- AIM OF THE EXERCISE
Repeat exactly the lines of the entries below from the one with "achat en ligne" through the one with "Lotus Watch Strap", both ends included, and nothing else.

- DATA TO EXAMINE
++++

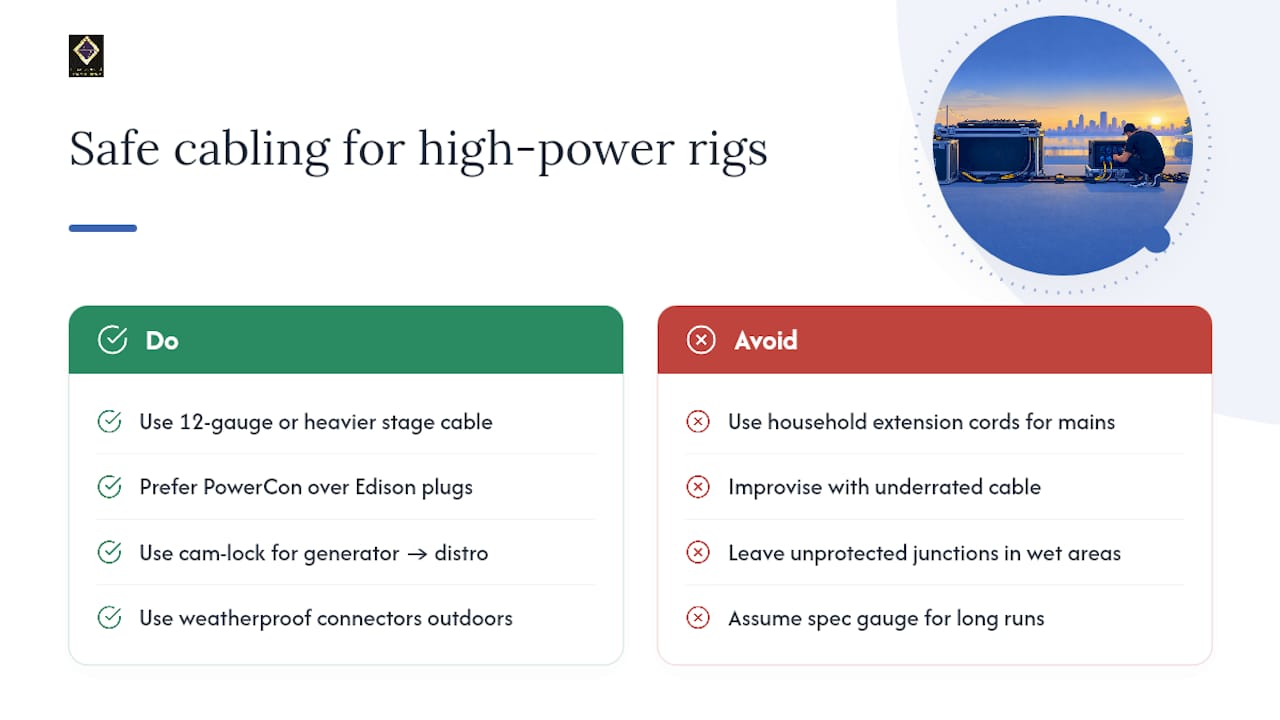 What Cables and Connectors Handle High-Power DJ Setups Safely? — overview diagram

++++

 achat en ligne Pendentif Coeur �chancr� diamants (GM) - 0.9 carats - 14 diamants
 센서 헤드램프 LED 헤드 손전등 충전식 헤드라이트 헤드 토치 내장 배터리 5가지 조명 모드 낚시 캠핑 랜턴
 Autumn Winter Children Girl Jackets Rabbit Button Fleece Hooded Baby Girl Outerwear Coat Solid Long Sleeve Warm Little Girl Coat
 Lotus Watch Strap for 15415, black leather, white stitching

++++

- RESPONSE AREA
 achat en ligne Pendentif Coeur �chancr� diamants (GM) - 0.9 carats - 14 diamants
 센서 헤드램프 LED 헤드 손전등 충전식 헤드라이트 헤드 토치 내장 배터리 5가지 조명 모드 낚시 캠핑 랜턴
 Autumn Winter Children Girl Jackets Rabbit Button Fleece Hooded Baby Girl Outerwear Coat Solid Long Sleeve Warm Little Girl Coat
 Lotus Watch Strap for 15415, black leather, white stitching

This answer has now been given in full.